● **Material provided**:
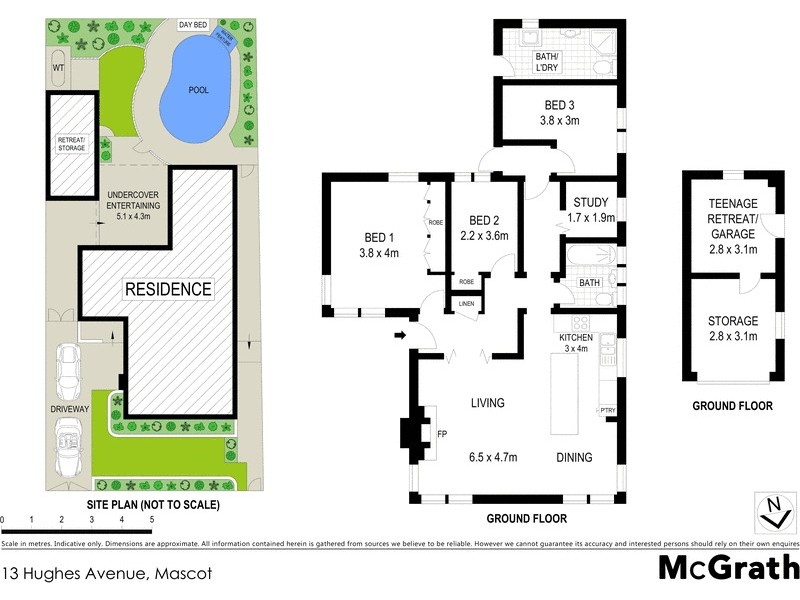 13 Hughes Avenue, Mascot NSW 2020 Floorplan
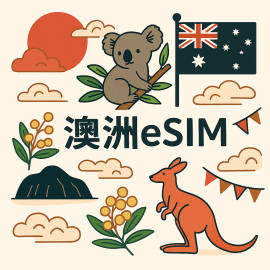 澳洲 eSIM 吃到飽每日1GB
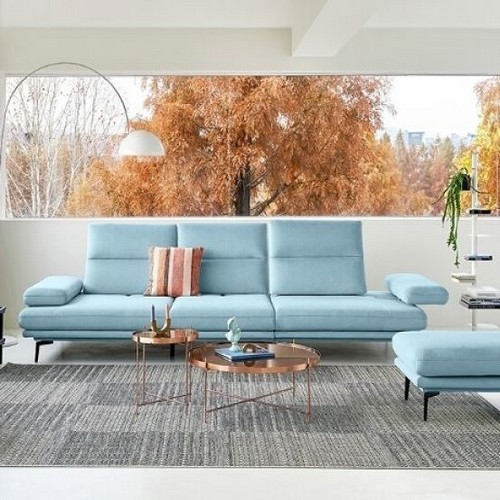 에싸 마제티 스윙기능 카시미라 패브릭 소파 4인용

● **What to produce**:
Omit every picture, then repeat the remaining data exactly as it appears above.

● **Result of the exercise**:
 13 Hughes Avenue, Mascot NSW 2020 Floorplan
 澳洲 eSIM 吃到飽每日1GB
 에싸 마제티 스윙기능 카시미라 패브릭 소파 4인용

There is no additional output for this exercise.